Afra's deposition was also provided. She was asked, "And he was threatening to kill you?" She responded, "Yes." Afra ran to Sonia Gandara's apartment. She told Gandara that Alcala had threatened her but could not recall if she told Gandara he threatened to kill her. She recalled that a couple of days prior to the shooting Alcala was only a few steps away from her house staring in; she called the manager to complain.

Rosaugra Zazueta's deposition was attached to the motion. She worked as the manager for ConAm at the Hovley Gardens. She wrote an incident report regarding Alcala keying a car belonging to one of the Plaintiffs. According to the report, Felipe reported to her that Alcala had keyed his brother's car. Felipe also reported that the police had responded but there was not enough evidence to arrest Alcala. Felipe was frustrated nothing was being done by the officers. Zazueta promised to forward a police report to management if was provided to her by Plaintiffs. Zazueta had no idea that Alcala owned a gun.

Riverside County Sheriff's Deputy John Cleary's deposition was provided. He responded to the call regarding the keying of a car belonging to one of the Plaintiffs on April 7, 2011. Deputy Cleary inspected all of Alcala's keys and determined they were not used on the car.

Reynoso's deposition was also included. Doria and Felipe went to the Hovley Garden apartments on April 8, 2011, because Felipe needed something from Afra. Reynoso told him not to go. Felipe went anyway because, "He never imagined what he was going to do, the guy who killed him." Afra never told Reynoso that it was dangerous to come to her apartment because of Alcala.

A lease rider signed by Alcala was provided, which stated that eviction could only be performed for good cause.

3. PLAINTIFFS' OPPOSITION TO DEFENDANTS' MOTION FOR SUMMARY JUDGMENT

Plaintiffs' filed opposition to Respondent's summary judgment motion (opposition). Plaintiffs argued that Alcala engaged in threatening and intimidating behavior and Defendants were aware of the behavior. Plaintiffs advised management that Alcala threatened to kill them. Zazueta, the manager, had not read the tenant files when ConAm took over. Causation was shown by Defendants' inaction.

Plaintiffs argued that Defendants should have (1) started eviction proceedings against Alcala; (2) contacted and counseled Alcala on the severity of the offenses and probable future eviction if he did not stop; (3) the management company should have contacted the police; (4) security should have been hired; and (5) Defendants should have installed surveillance.

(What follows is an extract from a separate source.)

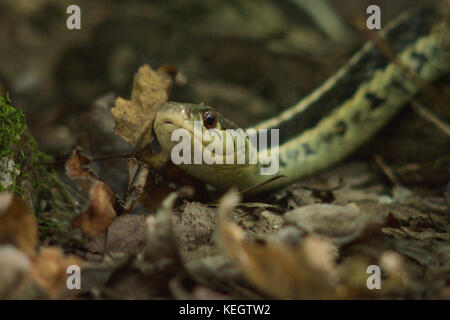 Snake à l'herbe en gros plan sur les bandes noires et jaunes sur le sol forestier Banque D'Images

Additional exhibits were provided that were not included with the motion. Fabian's deposition was taken on March 31, 2014, after the summary judgment motion was granted in favor of AWI. In his deposition, Fabian was asked what led up to him and Afra going to the manager's office. He stated, "Mr. Alcala knocked on our door and pretty much threatened to kill us. He did. Me and my mom were in fear and went to the manager. . . . [¶] We let [Gandara] know he was trying to kill us." He heard Afra say to Gandara, "She was—like the guy next door came to the house and threatened to kill us, me and my family pretty much." He could not recall how Gandara responded.

Additional parts of Afra's deposition were provided. She did not recall if anyone went with her to talk to Gandara on the night of April 17, 2010 after the "stick" incident; she did not recall whether she told Gandara Alcala had threatened to kill her. She did not recall if she called the police about the threat.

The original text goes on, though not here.